We can use the equation we just derived to solve for the eigenvalues of this matrix. Then we can plug *those* into our eigenvector definition to solve for the eigenvectors:

So:

### Eigenvalues

$\lambda = \frac{5+5\pm\sqrt{(5+5)^2+4(3\times 3 - 5\times 5)}}{2} = 5\pm\frac{\sqrt{36}}{2} = 2, 8$.

### Eigenvectors

Now we can plug those in.

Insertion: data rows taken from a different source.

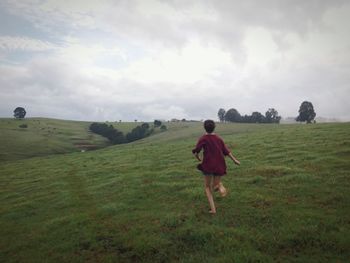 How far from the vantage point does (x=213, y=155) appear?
11805 millimetres

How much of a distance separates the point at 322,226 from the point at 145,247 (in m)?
6.29

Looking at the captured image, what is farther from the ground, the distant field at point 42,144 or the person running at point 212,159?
the person running at point 212,159

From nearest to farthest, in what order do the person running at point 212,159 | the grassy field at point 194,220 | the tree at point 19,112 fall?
the grassy field at point 194,220 → the person running at point 212,159 → the tree at point 19,112

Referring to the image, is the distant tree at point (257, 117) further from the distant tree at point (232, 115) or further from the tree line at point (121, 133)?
the tree line at point (121, 133)

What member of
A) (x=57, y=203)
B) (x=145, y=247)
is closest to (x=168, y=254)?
(x=145, y=247)

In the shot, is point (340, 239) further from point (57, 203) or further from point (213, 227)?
point (57, 203)

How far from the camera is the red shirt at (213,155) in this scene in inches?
461

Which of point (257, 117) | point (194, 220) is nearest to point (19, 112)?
point (257, 117)

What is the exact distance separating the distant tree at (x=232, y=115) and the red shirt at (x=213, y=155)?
487 ft

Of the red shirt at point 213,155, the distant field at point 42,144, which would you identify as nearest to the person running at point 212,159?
the red shirt at point 213,155

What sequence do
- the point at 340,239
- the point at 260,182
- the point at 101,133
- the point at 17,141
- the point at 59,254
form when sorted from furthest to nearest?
the point at 101,133 < the point at 17,141 < the point at 260,182 < the point at 59,254 < the point at 340,239

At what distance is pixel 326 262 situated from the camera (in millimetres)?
8242

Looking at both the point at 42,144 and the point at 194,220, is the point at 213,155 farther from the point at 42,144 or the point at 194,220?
the point at 42,144

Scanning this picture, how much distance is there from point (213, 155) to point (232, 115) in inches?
5924
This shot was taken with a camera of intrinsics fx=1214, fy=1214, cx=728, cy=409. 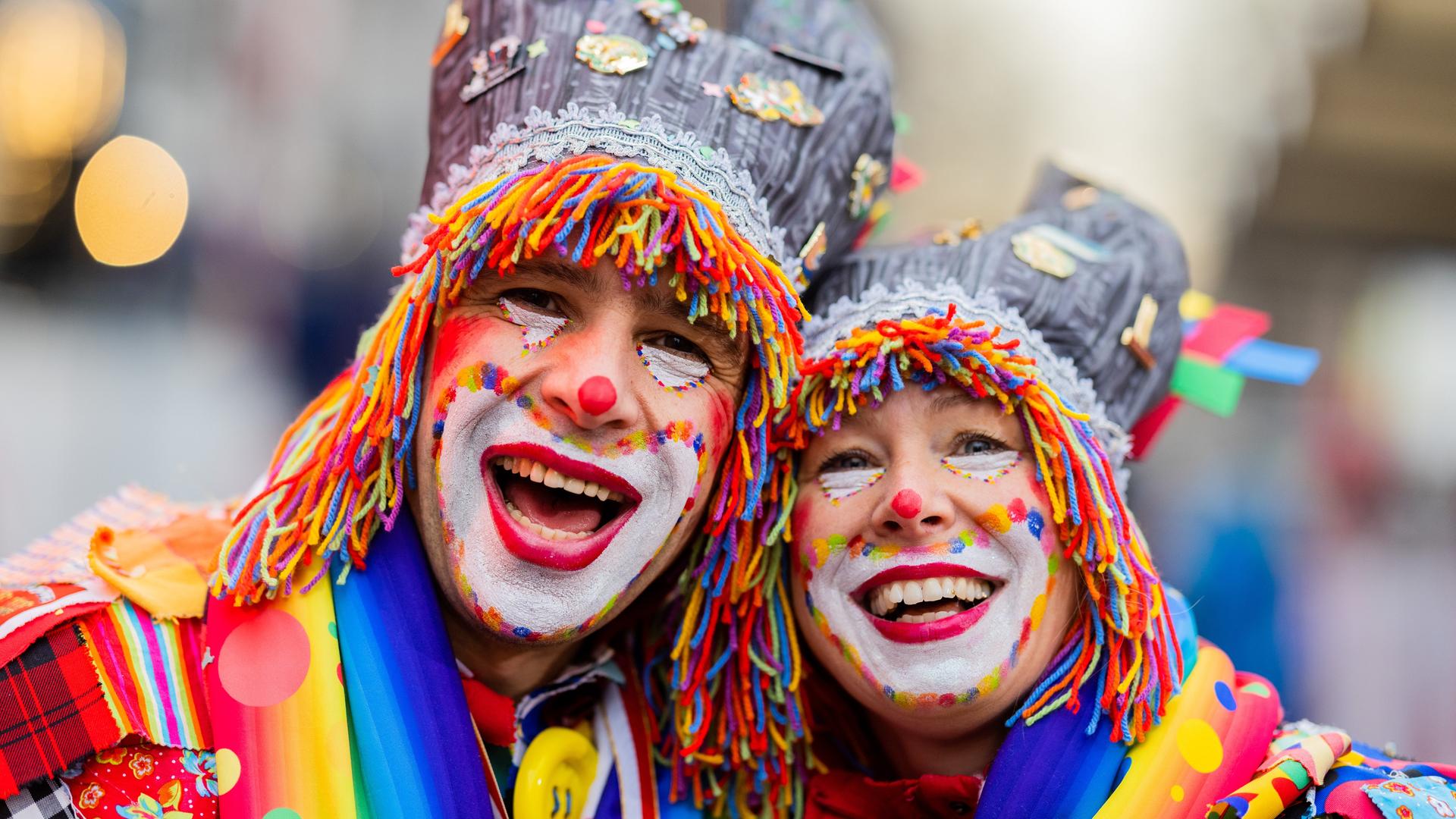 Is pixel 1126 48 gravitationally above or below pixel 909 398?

If we plug in $\lambda = 8$, then we get:

$\begin{bmatrix}
5-8 & 3 \\
3 & 5-8
\end{bmatrix}
\begin{bmatrix}
x_1 \\
x_2
\end{bmatrix}
=
\begin{bmatrix}
-3 & 3 \\
3 & -3
\end{bmatrix}
\begin{bmatrix}
x_1 \\
x_2
\end{bmatrix} = 0.$

So:

$-3x_1 + 3x_2 = 0$ (or $3x_1 - 3x_2 = 0$)

$x_1 = x_2$.

Therefore, we find that any 2 element column vector in which the two elements have equal magnitude and the same sign are eigenvectors for this matrix.

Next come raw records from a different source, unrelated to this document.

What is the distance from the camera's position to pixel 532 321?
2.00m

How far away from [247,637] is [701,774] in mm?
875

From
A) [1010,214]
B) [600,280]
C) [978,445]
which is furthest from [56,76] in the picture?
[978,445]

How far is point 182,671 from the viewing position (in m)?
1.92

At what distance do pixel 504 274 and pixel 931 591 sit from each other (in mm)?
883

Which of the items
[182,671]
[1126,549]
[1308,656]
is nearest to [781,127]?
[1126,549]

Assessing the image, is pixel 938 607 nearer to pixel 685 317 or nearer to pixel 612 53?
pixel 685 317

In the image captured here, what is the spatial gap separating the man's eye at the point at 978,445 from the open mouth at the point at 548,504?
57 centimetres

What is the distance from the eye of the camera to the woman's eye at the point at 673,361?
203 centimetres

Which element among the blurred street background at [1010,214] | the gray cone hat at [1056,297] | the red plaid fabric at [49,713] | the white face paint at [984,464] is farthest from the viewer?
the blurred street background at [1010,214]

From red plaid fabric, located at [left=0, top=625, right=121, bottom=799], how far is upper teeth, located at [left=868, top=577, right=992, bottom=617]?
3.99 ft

It is standard to scale eigenvectors to a magnitude of 1, and so we would write this eigenvector as
$\begin{bmatrix}
\frac{\sqrt{2}}{2} \\
\frac{\sqrt{2}}{2}
\end{bmatrix}$.

If we plug in $\lambda = 2$, we find a second eigenvector equal to
$\begin{bmatrix}
-\frac{\sqrt{2}}{2} \\
\frac{\sqrt{2}}{2}
\end{bmatrix}$. Therefore, we find that any 2 element column vector in which the two elements have equal magnitude and opposite signs are eigenvectors for this matrix.
 (I'll leave this as an exercise.)

**Thus we can express the full diagonalization of our matrix as follows**:

$A = \begin{bmatrix}
5 & 3 \\
3 & 5
\end{bmatrix} =
\begin{bmatrix}
\frac{\sqrt{2}}{2} & -\frac{\sqrt{2}}{2} \\
\frac{\sqrt{2}}{2} & \frac{\sqrt{2}}{2}
\end{bmatrix}
\begin{bmatrix}
8 & 0 \\
0 & 2
\end{bmatrix}
\begin{bmatrix}
\frac{\sqrt{2}}{2} & \frac{\sqrt{2}}{2} \\
-\frac{\sqrt{2}}{2} & \frac{\sqrt{2}}{2}
\end{bmatrix}$

### In Code

In [None]:
# We can use np.linalg.eig()

A = np.array([[5, 3], [3, 5]])
np.linalg.eig(A)

In [None]:
# np.linalg.eig(X) returns a double of NumPy arrays, the first containing
# the eigenvalues of X and the second containing the eigenvectors of X.

values, vectors = np.linalg.eig(A)

In [None]:
values

In [None]:
# np.diag()

np.diag(values)

In [None]:
# Reconstruct A by multiplication

vectors.dot(np.diag(values)).dot(vectors.T)

## PCA by Hand

What follows is indebted to [Sebastian Raschka](http://sebastianraschka.com/Articles/2015_pca_in_3_steps.html#pca-vs-lda).

In [None]:
# We'll start by producing the covariance matrix for the columns of X_tr_pp.

cov_mat = np.cov(X_tr_pp, rowvar=False)
cov_mat.shape

In [None]:
cov_mat

In [None]:
np.linalg.eig(cov_mat)

In [None]:
# Let's assign the results of eig(cov_mat) to a double of variables.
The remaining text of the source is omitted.